Sigo pensando en cuando tenía 17 o 18 años. En ese momento, no me interesaba en absoluto la política ucraniana. La Revolución Naranja en la que participé activamente durante mis años de estudiante aún no había ocurrido. Casi toda mi infancia y adolescencia trascurrió bajo la pobreza de la era de estancamiento de Kuchma. Parecía que duraría para siempre. La década de 1990 terminaron de manera divertida, con gritos de adolescentes borrachos y el sabor del lápiz labial. Comenzó una nueva vida en un país irremediablemente estancado. Pero no pensaba en eso. Mi mente se enfocaba en otra cosa. Imaginaba a Ucrania como una periferia en Europa, un tranquilo estanque pantanoso. No le interesaba a nadie; a nadie le interesaba; y la guerra era lo que menos le preocupaba. Curiosamente en ese momento había estado pensando mucho en guerras. La segunda guerra chechena, Kosovo, Afganistán, Irak. Algo terrible estaba sucediendo fuera de mi mundo, fuera del sentido común. Los ataques podrían haber ocurrido en Rusia, Irlanda, España o en países musulmanes. Se desplegaron cámaras de tortura en países africanos. El único punto máximo que alcanzaron nuestros conflictos fue la campaña de protesta «Ucrania sin Kuchma». Para mí, pasó casi desapercibida, ya que, repito, la política era lo último que me importaba en ese entonces.

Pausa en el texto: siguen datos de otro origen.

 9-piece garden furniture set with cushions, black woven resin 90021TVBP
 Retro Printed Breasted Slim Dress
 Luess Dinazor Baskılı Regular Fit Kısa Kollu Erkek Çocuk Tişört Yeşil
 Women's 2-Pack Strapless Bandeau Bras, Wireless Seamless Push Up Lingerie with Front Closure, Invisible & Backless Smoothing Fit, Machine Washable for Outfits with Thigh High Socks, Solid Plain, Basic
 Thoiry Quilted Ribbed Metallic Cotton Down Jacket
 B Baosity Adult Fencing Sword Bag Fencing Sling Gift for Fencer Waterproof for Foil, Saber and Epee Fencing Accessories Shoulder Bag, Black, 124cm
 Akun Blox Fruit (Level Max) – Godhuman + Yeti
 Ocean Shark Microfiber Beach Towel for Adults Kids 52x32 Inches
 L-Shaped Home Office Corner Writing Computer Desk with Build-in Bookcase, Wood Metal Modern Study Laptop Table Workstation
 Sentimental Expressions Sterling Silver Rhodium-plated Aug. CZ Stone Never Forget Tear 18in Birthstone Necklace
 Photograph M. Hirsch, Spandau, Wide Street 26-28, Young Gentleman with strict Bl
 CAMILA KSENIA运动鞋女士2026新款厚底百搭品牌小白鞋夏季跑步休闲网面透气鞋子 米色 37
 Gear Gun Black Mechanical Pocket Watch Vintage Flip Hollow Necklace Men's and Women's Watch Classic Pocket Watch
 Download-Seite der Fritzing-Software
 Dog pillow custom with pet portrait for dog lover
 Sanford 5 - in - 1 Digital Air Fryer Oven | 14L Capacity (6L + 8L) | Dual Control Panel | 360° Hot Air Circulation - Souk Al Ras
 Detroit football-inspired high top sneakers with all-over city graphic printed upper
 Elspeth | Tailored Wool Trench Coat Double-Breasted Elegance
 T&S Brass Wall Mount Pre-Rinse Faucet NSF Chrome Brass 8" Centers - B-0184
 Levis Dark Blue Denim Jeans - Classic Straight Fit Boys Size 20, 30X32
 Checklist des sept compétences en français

Y ahora estoy sentado en lo profundo del bosque, vestido con pantalones militares y una chaqueta de la Guardia Nacional. Tengo 37 años y tengo varios libros escritos en mi haber, también traducciones, depresión y un arma. Mi país está librando una guerra. Es real, grande, despiadada y sangrienta. Y soy un soldado en esta guerra, uno de quienes empuñaron armas. Y mi arma mata. Mata a mis enemigos. Todo suena simple y como un hecho, como si esta hubiera sido la realidad de toda nuestra vida. Como si todos nosotros, y yo , especialmente yo mismo, fuéramos una continuación de la guerra. El todo integral. La generación. Todos estos adultos que eran niños ayer y crecieron en condiciones adversas se encontraron inesperadamente en el umbral de una nueva experiencia, una experiencia que eclipsa todas las anteriores, que te hacen olvidar los roles y las situaciones sociales anteriores, que distorsiona la realidad de tal manera que lo normal ya no parece normal, por lo que no puedes distinguir el amor de la indiferencia, la paz del cansancio, la necesidad de los sueños.

Nunca deseé perturbar el orden de mi vida. Estaba cómodo en el mundo de mis recuerdos de la infancia, de un pasado claro, de una cálida comodidad y de una paz comprensible. Mis habituales copas de vino seco después de las 7:00 p.m., mis entrenamientos en el gimnasio, mis colecciones de música y monedas, mi bicicleta, mis viajes y mi sueño tranquilo y regular. Sin mencionar a mi familia y todo lo relacionado. En realidad, nunca busqué identificarme con ninguna generación. Pero me convertí en parte de esta generación. De las personas que ahora están luchando, que regresarán a casa después y que no sabrán cómo seguir adelante, porque ¿cómo se vive en el mundo después de presenciar su colapso?